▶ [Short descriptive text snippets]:
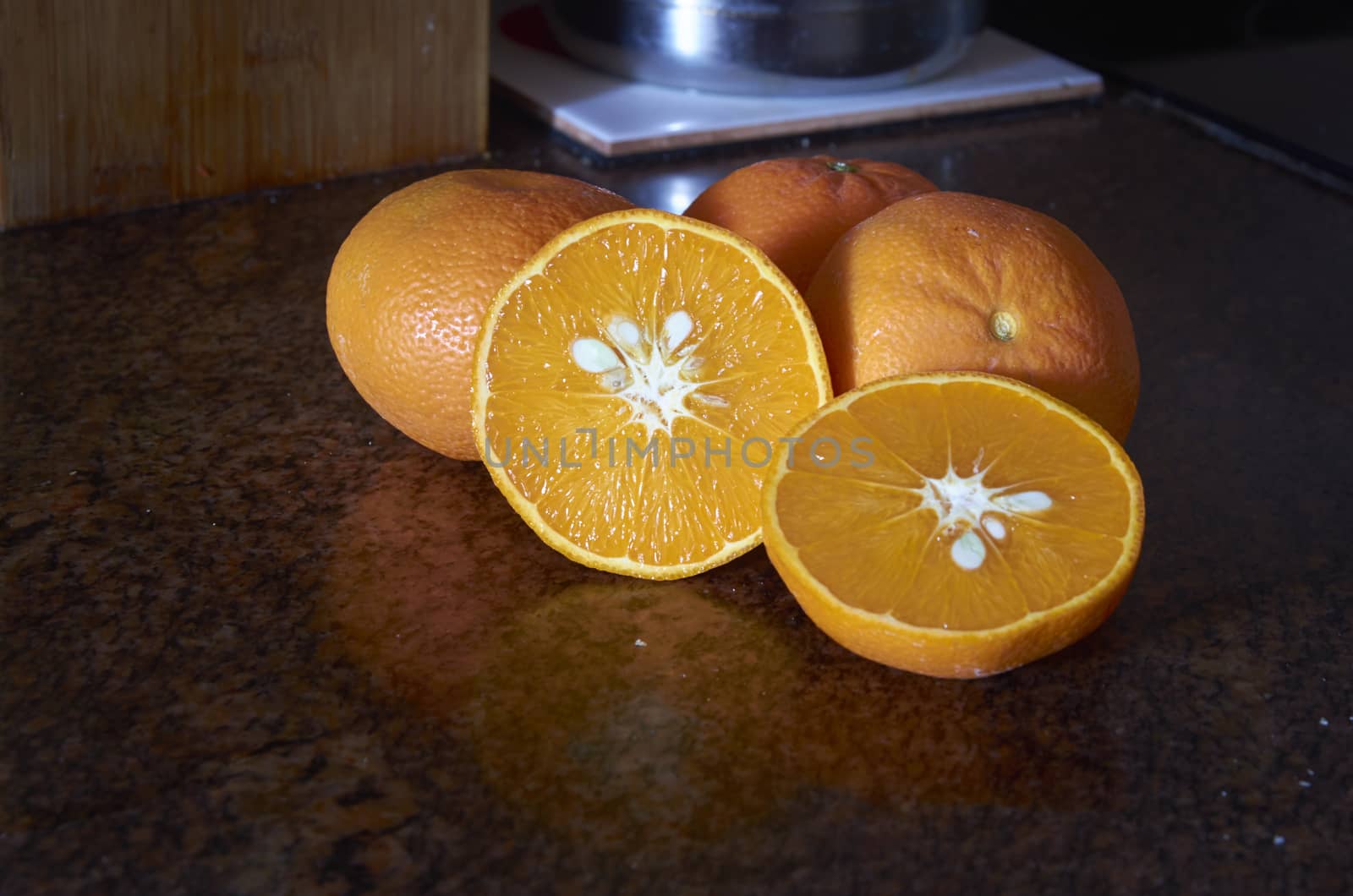 Tangerines from Valencia by bpardofotografia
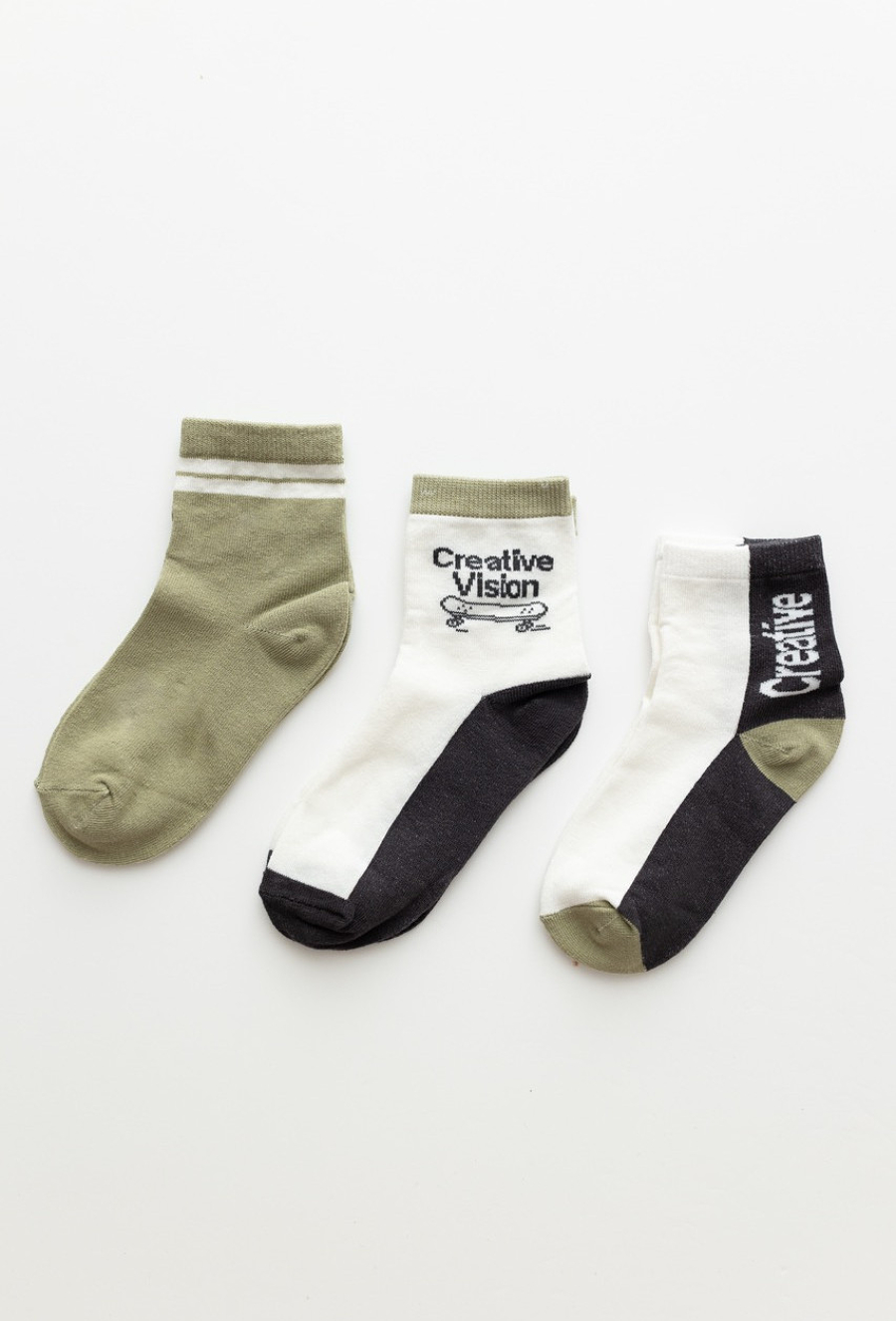 3-pak skarpet dla chłopca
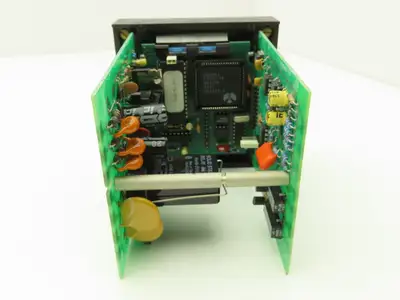 Athena Controls 6075-T-E2 Digital Temperature Controller Module 120-240V 0-2000F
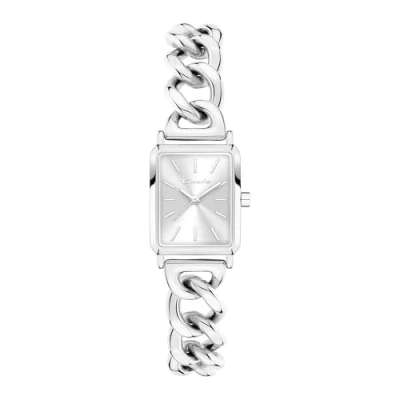 Abbildung von Tamaris Uhr, Damen, Größe: One Size, Silber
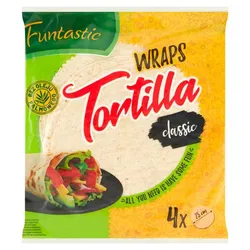 Tortilla Funtastic 250 G Develey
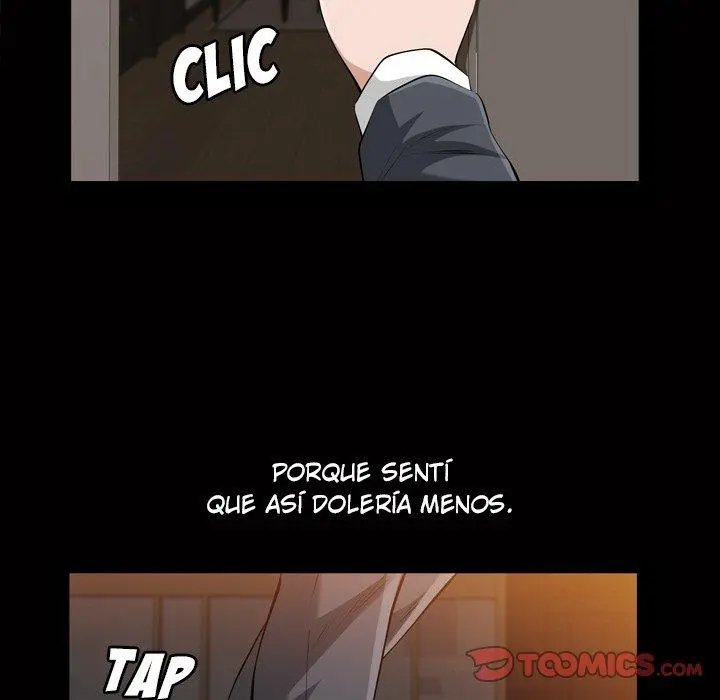 Difficult Choices Capítulo 18 - Page 111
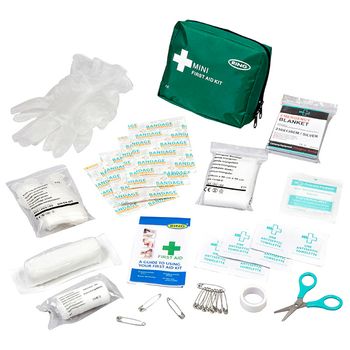 Mini First Aid Kit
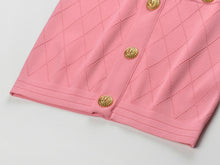 Load image into Gallery viewer, Balmain retrofete revolve miu miu dress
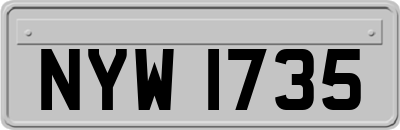 NYW1735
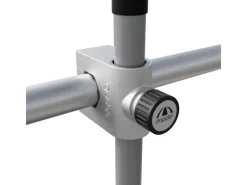 Balkonklammer Fix Maxi  Silber 22 mm - 38 mm*Doppler Online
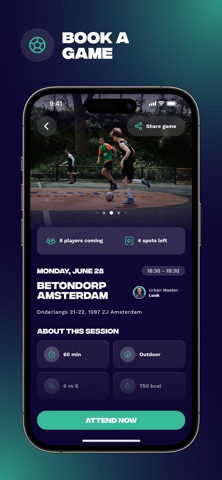 FC Urban screenshot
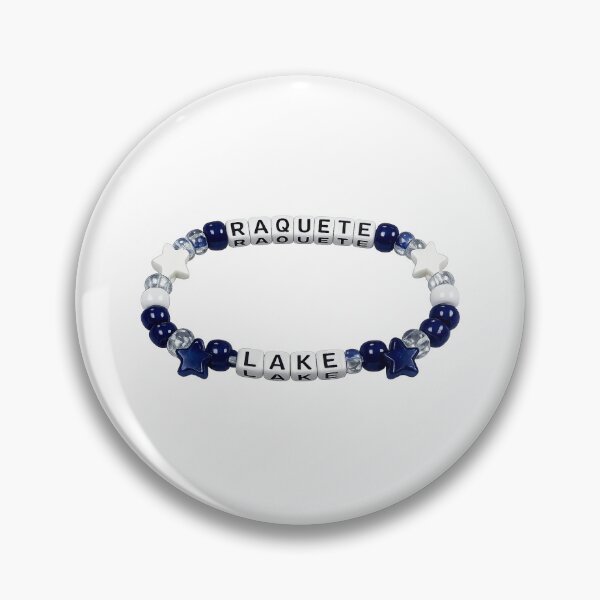 Item preview, Raquette Lake Beaded Bracelet designed and sold by TaskMe.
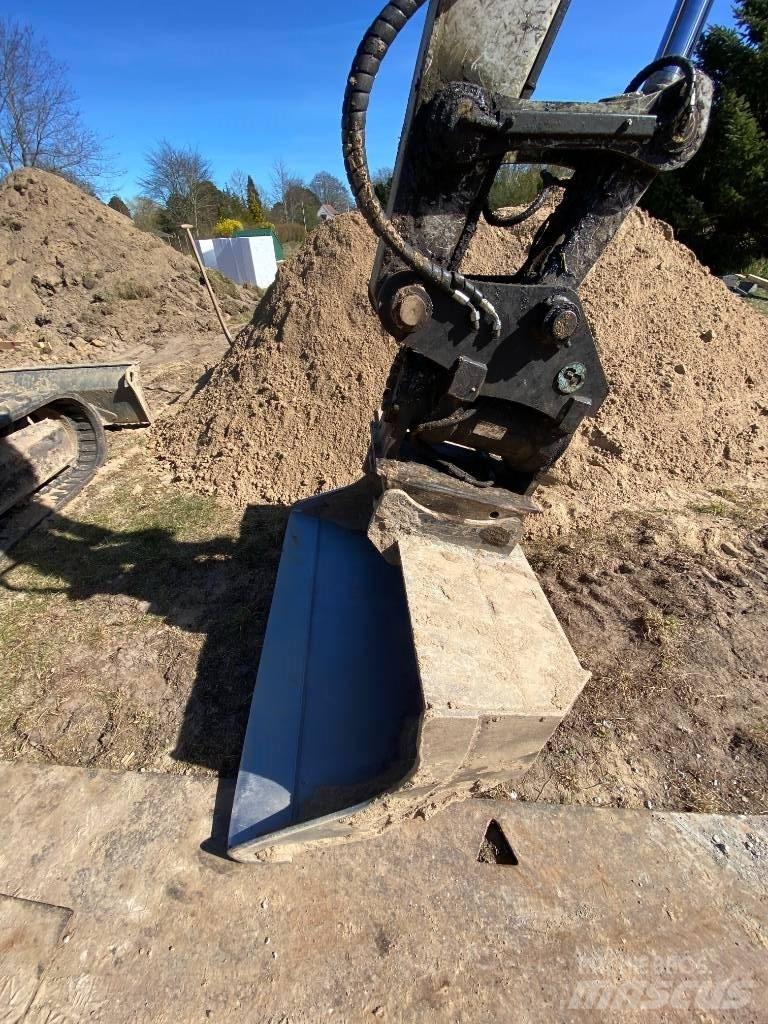 Takeuchi TB290-2 Mini bagri <7t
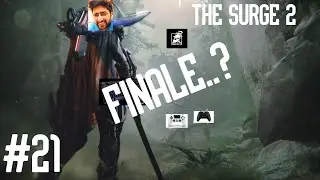 Metamorphosis Side Quest & Secret Ending ?! The Surge 2: Mouse & Keyboard Playthrough - Highlights #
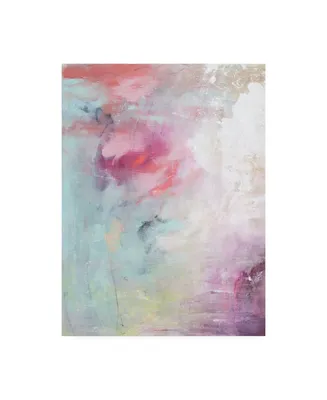 Julia Contacessi Pastel Terrain I Canvas Art - 20" x 25"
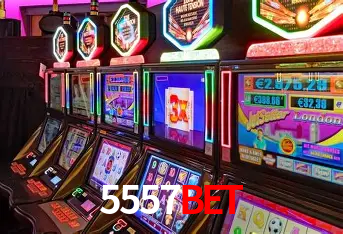 Descubra o Mundo do Cassino Online com 5557bet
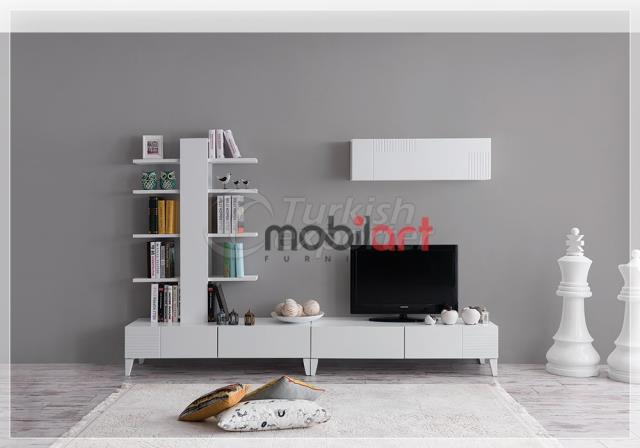 Tv Unit Aspendos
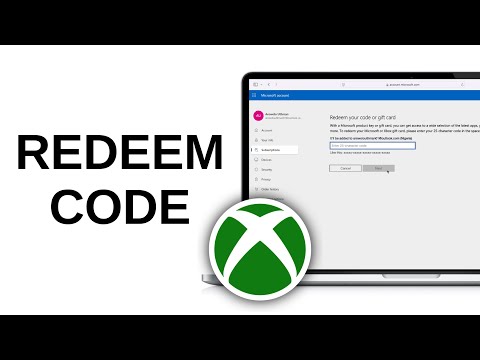 How to Redeem Codes on Xbox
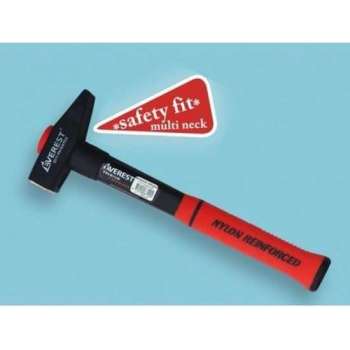 Bankhamer EVEREST 1500 gram met fiberglassteel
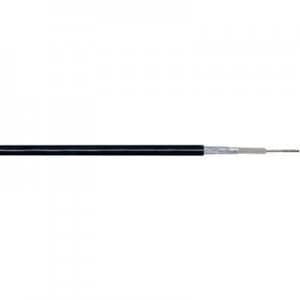 Kash 607588 Coax Outside diameter 4.95mm RG58 50 Black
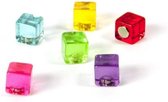 Trendform magneten Color Cube set van 6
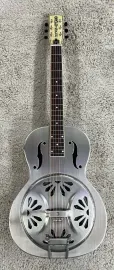 Gretsch G9221 Bobtail Round-Neck Acoustic Electric Steel Resonator Guitar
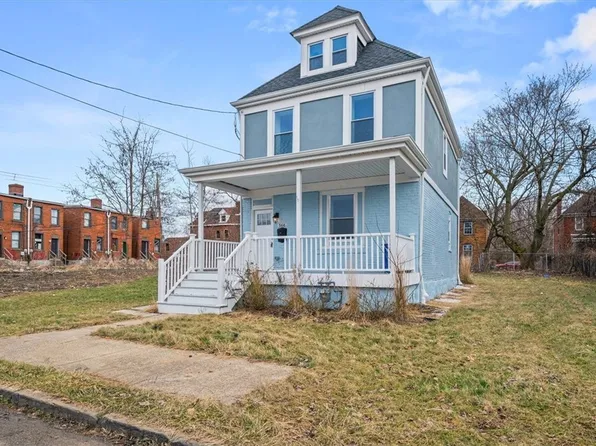 566 Panke St, Pittsburgh, PA 15208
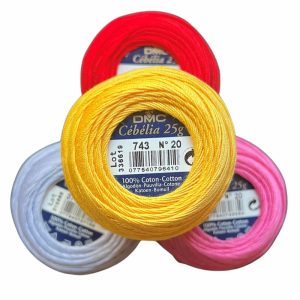DMC Cebelia Cotton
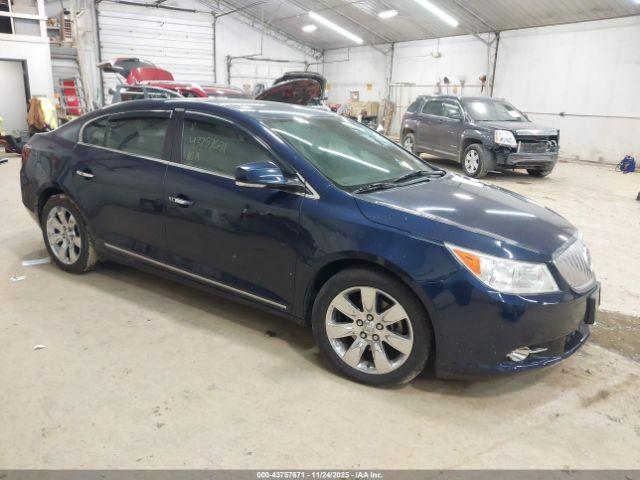  Salvage Buick LaCrosse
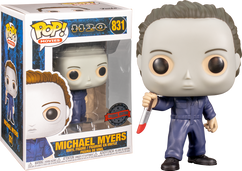 michael myers funko pop 2018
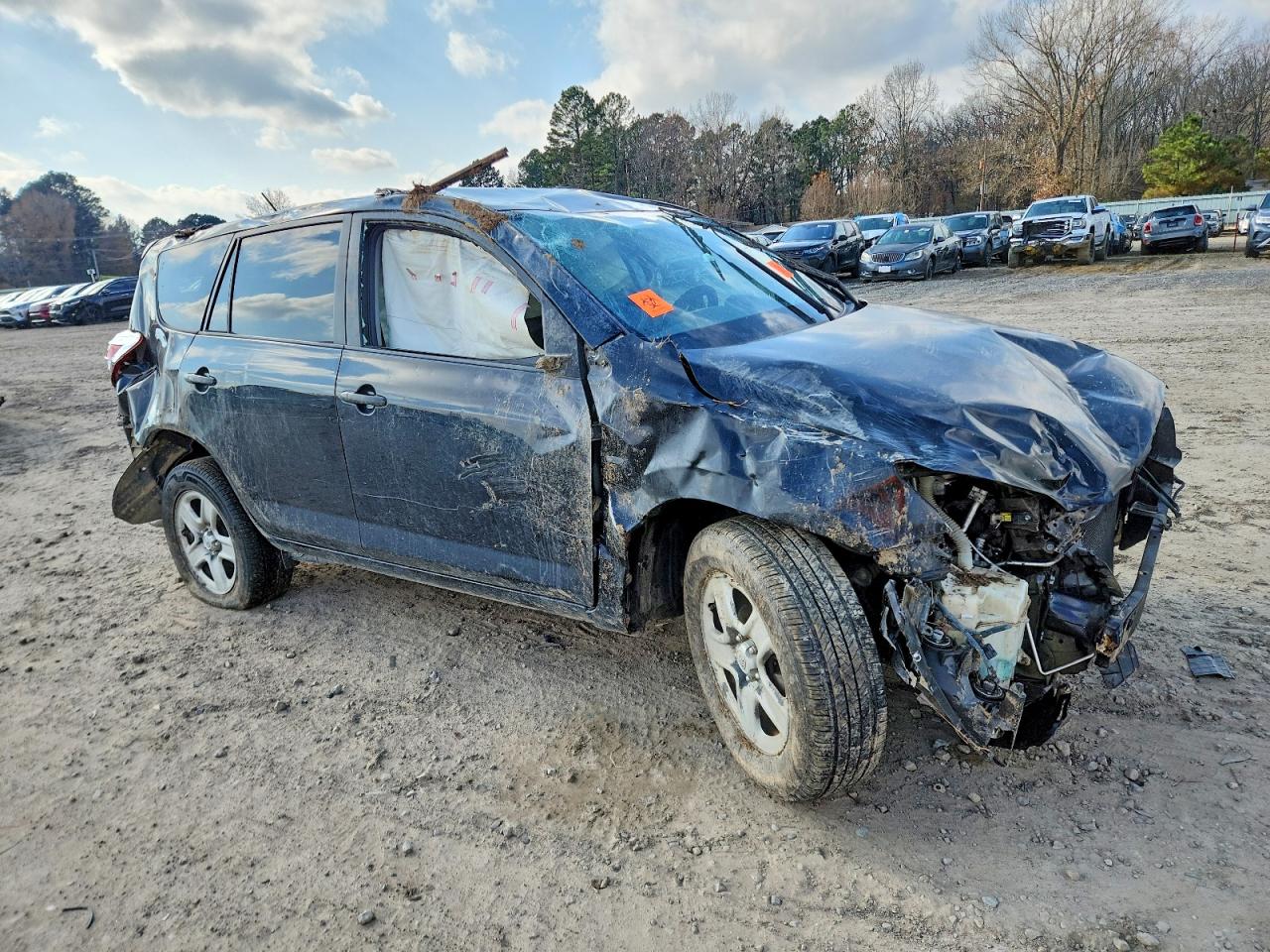 2009 TOYOTA RAV4 photo 4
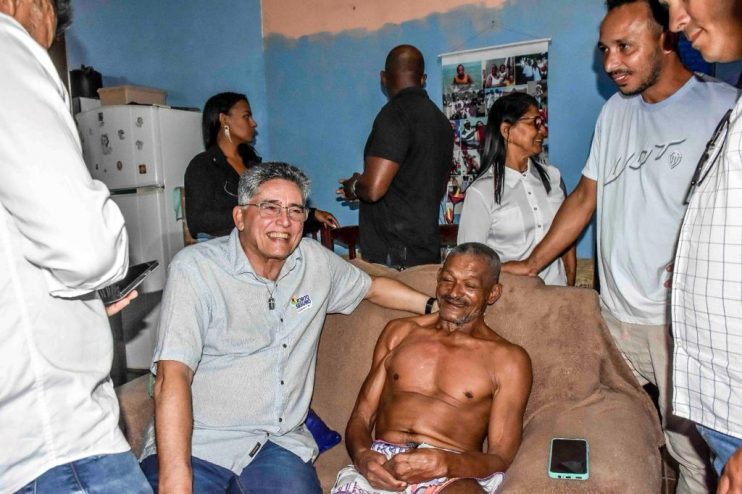 PAVIMENTAÇÃO CHEGA AO VILA JARDIM 22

▶ [WHAT IS BEING ASKED]: Where a record above holds a picture, drop the picture and print the rest exactly.

▶ [SOLUTION FOR THIS EXERCISE]:
 Tangerines from Valencia by bpardofotografia
 3-pak skarpet dla chłopca
 Athena Controls 6075-T-E2 Digital Temperature Controller Module 120-240V 0-2000F
 Abbildung von Tamaris Uhr, Damen, Größe: One Size, Silber
 Tortilla Funtastic 250 G Develey
 Difficult Choices Capítulo 18 - Page 111
 Mini First Aid Kit
 Load image into Gallery viewer, Balmain retrofete revolve miu miu dress
 NYW1735
 Balkonklammer Fix Maxi  Silber 22 mm - 38 mm*Doppler Online
 FC Urban screenshot
 Item preview, Raquette Lake Beaded Bracelet designed and sold by TaskMe.
 Takeuchi TB290-2 Mini bagri <7t
 Metamorphosis Side Quest & Secret Ending ?! The Surge 2: Mouse & Keyboard Playthrough - Highlights #
 Julia Contacessi Pastel Terrain I Canvas Art - 20" x 25"
 Descubra o Mundo do Cassino Online com 5557bet
 Tv Unit Aspendos
 How to Redeem Codes on Xbox
 Bankhamer EVEREST 1500 gram met fiberglassteel
 Kash 607588 Coax Outside diameter 4.95mm RG58 50 Black
 Trendform magneten Color Cube set van 6
 Gretsch G9221 Bobtail Round-Neck Acoustic Electric Steel Resonator Guitar
 566 Panke St, Pittsburgh, PA 15208
DMC Cebelia Cotton
  Salvage Buick LaCrosse
 michael myers funko pop 2018
 2009 TOYOTA RAV4 photo 4
 PAVIMENTAÇÃO CHEGA AO VILA JARDIM 22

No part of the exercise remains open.